Abbreviated keys: exploiting locality to improve PostgreSQL's text sort performance


On Monday, Robert Haas committed a patch of mine that considerably speeds up the sorting of text in PostgreSQL. This was the last and the largest in a series of such patches, the patch that adds "abbreviated keys". PostgreSQL 9.5 will have big improvements in sort performance.

In realistic cases, CREATE INDEX operations on text are over 3 times faster than in PostgreSQL 9.4. Not every such utility operation, or data warehousing query involving a big sort is sped up by that much, but many will be.
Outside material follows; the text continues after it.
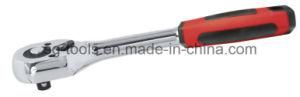 Quick-Release Ratchet Wrench with Nonslip Handle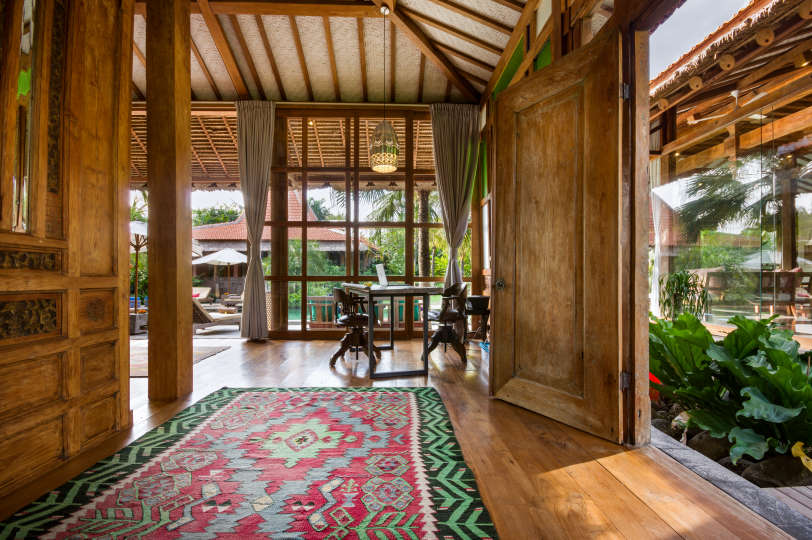 Bali'de 5 Yıldızlı Villa, Sahilden Dakikalar, Bali Villa 2045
This was a piece of work that I spent a considerable amount of time on over the past few months. It's easy to justify that effort, though: sorting text is a very fundamental capability of any database system. Sorting is likely the dominant cost when creating B-Tree indexes, performing CLUSTER operations, and, most obviously, for sort nodes that are required by many plans that are executed in the service of queries with ORDER BY or DISTINCT clauses, or aggregates using the GroupAggregate strategy. Most of the utility statements that need to perform sorts must perform them with a very disruptive lock on the target relation (CREATE INDEX CONCURRENTLY is a notable exception), so quite apart from the expense of the sort, the duration of sorts often strongly influences how long a production system is seriously disrupted.